In working with values, I’m not working with data structures, I’m asking questions about instances, about the outermost edges of my graphs. I’m literally not interested in anything other than literals and I don’t need RDF data structures to do this. Simple tools for these simple jobs.
Nevertheless, to build these simple tools, I can perform much better if I have a knowledge base that provides tools to tell me if I have any geolocation data, what its structure is and what it is actually geolocating. Without this, I just have some literals.
In the library world, we bang on about “things not strings” because we were inundated with strings as well as powerful tools for manipulating strings; the recent BIBFRAME initiative attempts to formalize “things not strings” in a way that is compatible with historical practice. I’m not a believer in this approach, but the nature of RDF, its hitherto-noted modularity and extensibility, means that it doesn’t matter — something better can come later.
RDF’s problems are many, but they largely boil down to a couple of things; firstly, as @xbib pointed out in a comment on the previous post, people don’t want a data model, they want values. I’d respond to this by firstly agreeing and secondly thinking that this is a shame. There are plenty of examples why choices that boil data on the Web down to the simplest route to values aren’t necessarily good choices, but Sarah Mei’s thorough treatment of using the JSON document store, MongoDB, might open a few eyes.
The second big problem RDF has is that it isn’t what people expected. I wrote this in a flippant way previously, but it needs to be said properly. The RDF stack doesn’t provide a replacement for a database. The expectations that one has because of the omnipresence of databases include: easy schema-based data entry forms, easy value querying and sorting and knowing that the data you got out was the data. Enter RDF. Aside causing triples to come into existence directly, getting data into RDF is difficult; there is no roundtrip from HTML. Or any other from. I will take a moment to point out that some people in the past did data entry in Protégè…alas. This makes RDF largely useless to anyone who thinks database-wise; it also directs attention away from the lack of data management in RDF…but that is for another time. I’ve already said RDF isn’t good for values, but I didn’t mention that it’s open world, which means that the data you have is just some statements that may or may not be all of the statements and/or be true. This is difficult for most people to accept.
RDF then should large largely be left to applications where you need a logical data model that will allow you to create data structures and manipulate these as graphs. If you don’t need this, you don’t need RDF. I’d argue that you often do, especially if you work with data and large volumes of complex data. I’d argue that a logical, modular representation can be useful for generating views of data and providing new insights into data structures and transformations of these. RDF can be a good starting point for producing smart data, but it isn’t the endpoint; the endpoints are ephemeral and provide the here-and-now of the data. Pushing all the data power into technologies that focus on the here and the now doesn’t seem like a long-term strategy.

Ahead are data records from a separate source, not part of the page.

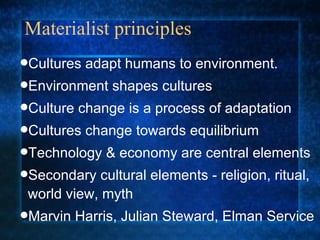 Materialist principles Cultures adapt humans to environment. Environment shapes cultures Culture change is a process of adaptation  Cultures change towards equilibrium Technology & economy are central elements Secondary cultural elements - religion, ritual, world view, myth Marvin Harris, Julian Steward, Elman Service 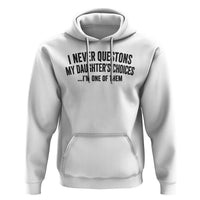 Girl Dad Humor Hoodie Funny I Never Questions My Daughters Choices I Am One Of Them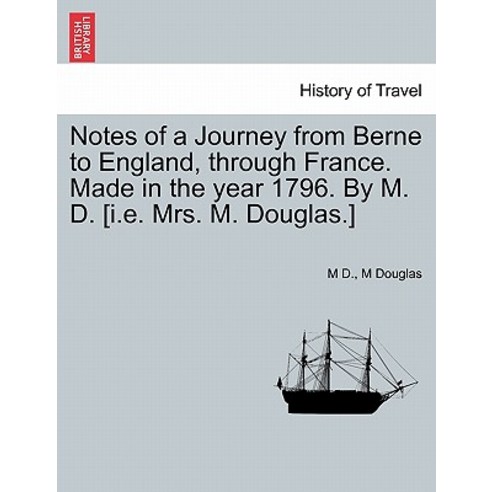 Notes of a Journey from Berne to England Through France. Made in the Year 1796. by M. D. [I.E. Mrs. M..., British Library, Historical Print Editions
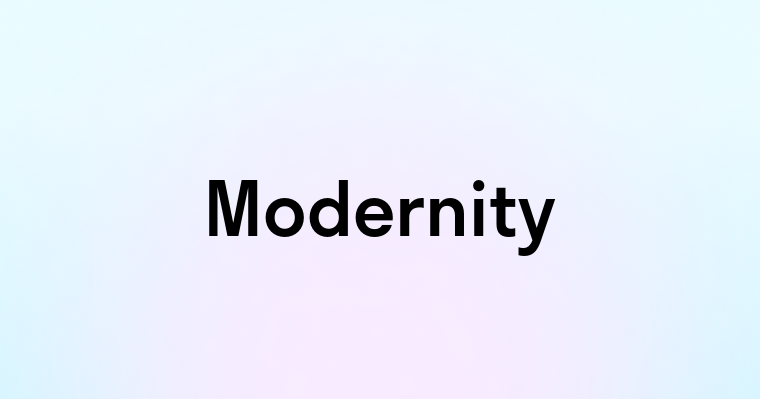 Modernity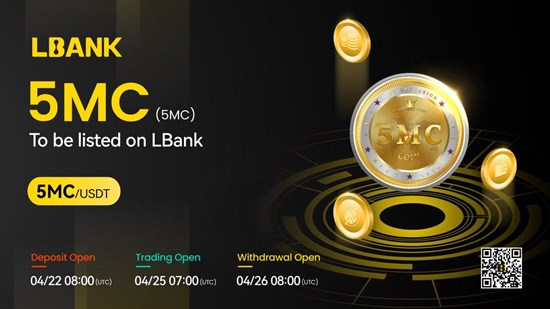 Cannot view this image? Visit: https://www.businesstelegraph.co.uk/wp-content/uploads/2023/04/LBank-Exchange-Will-List-5MC-on-April-25-2023.jpg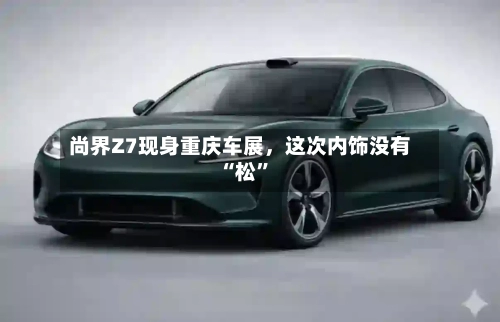 尚界Z7现身重庆车展	，这次内饰没有“松”-第3张图片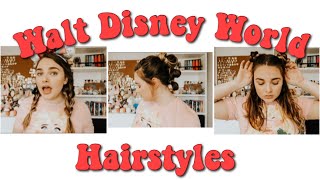 5 Walt Disney World Hair Styles  Magically Katelyn [upl. by Doerrer]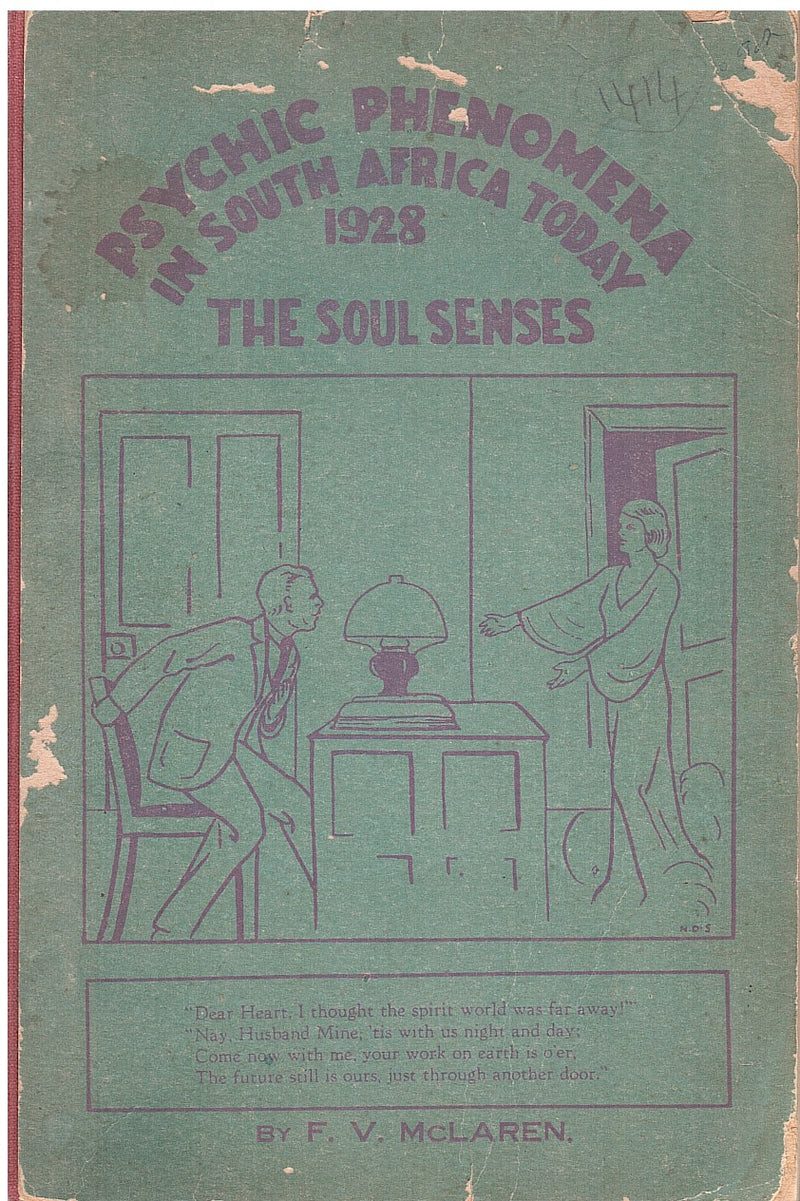 PSYCHIC PHENOMENA IN SOUTH AFRICA TODAY, 1928, being a series of articles on some of the soul senses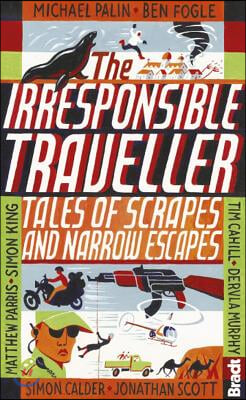 The Irresponsible Traveller: Tales of Scrapes and Narrow Escapes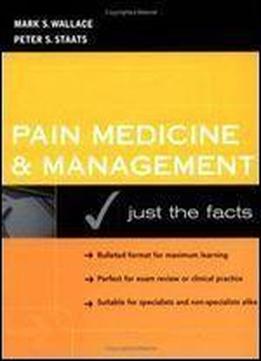 Pain Medicine And Management: Just The Facts 1st Edition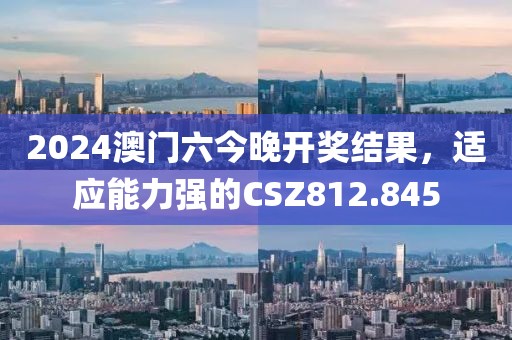 2024澳門六今晚開獎(jiǎng)結(jié)果，適應(yīng)能力強(qiáng)的CSZ812.845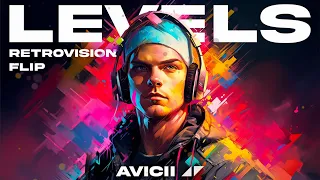 Avicii - Levels (RetroVision Flip)(Extended Mix)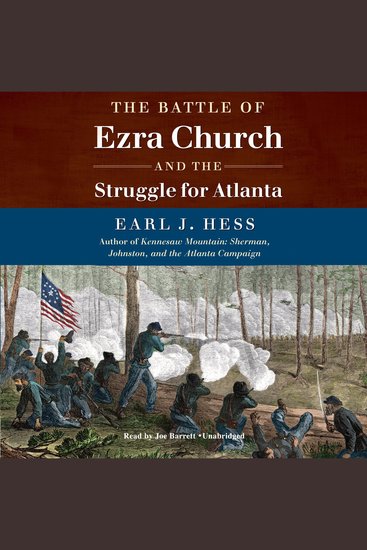 The Battle of Ezra Church and the Struggle for Atlanta - cover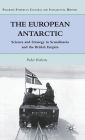 The European Antarctic: Science and Strategy in Scandinavia and the British Empire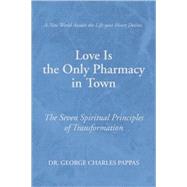 Love Is the Only Pharmacy in Town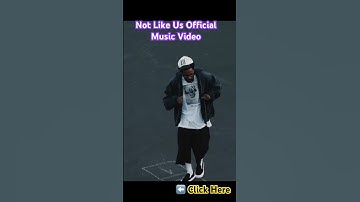 Thumbnail of Kendrick Lamar Not Like Us Official Music Video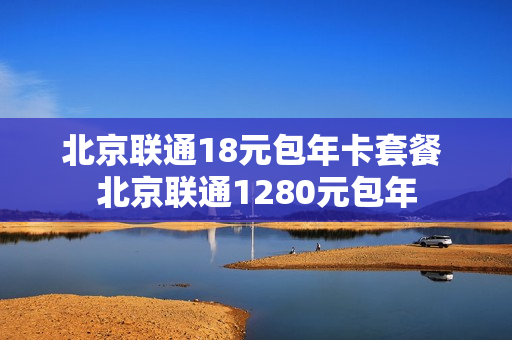 北京联通18元包年卡套餐 北京联通1280元包年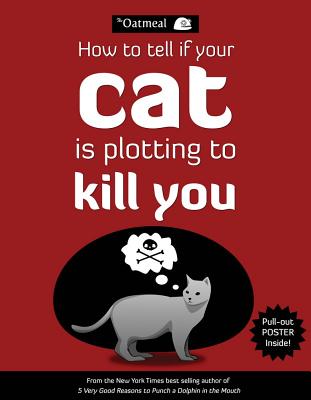 现货 How to Tell If Your Cat Is Plotting to Kill
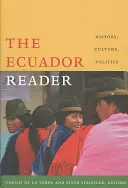 The Ecuador Reader: Historia, kultura, polityka - The Ecuador Reader: History, Culture, Politics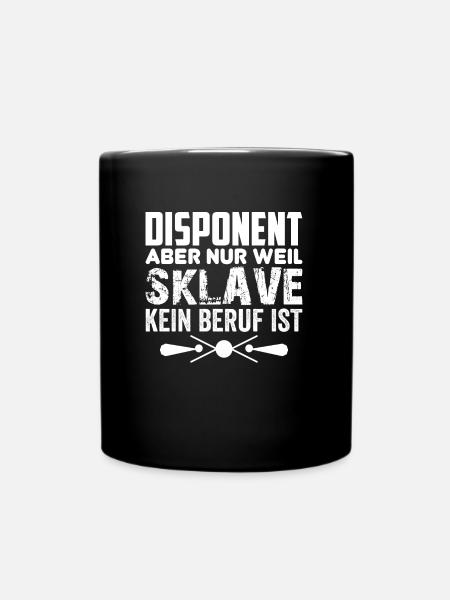 Lustiger Disponent Geschenk Einsatzplaner Spruch - Tasse einfarbig - Schwarz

As a footnote, JSON-LD has been mooted as an alternative to RDF; why not, it’s either a serialization for linked data (not a very good one because I can’t parse JSON as easily as I can parse XML, I can’t read it as easily as I can read turtle and I can’t easily chunk it like I can ntriples). It also imposes a whole load of conventions that make my data more difficult to work with when I need simple access to simple values. Will I use JSON-LD? I already do. Is it the panacea it’s being toasted as? Certainly not, it’s another route to not having the tools to work with data and it certainly smacks of being of the here and now.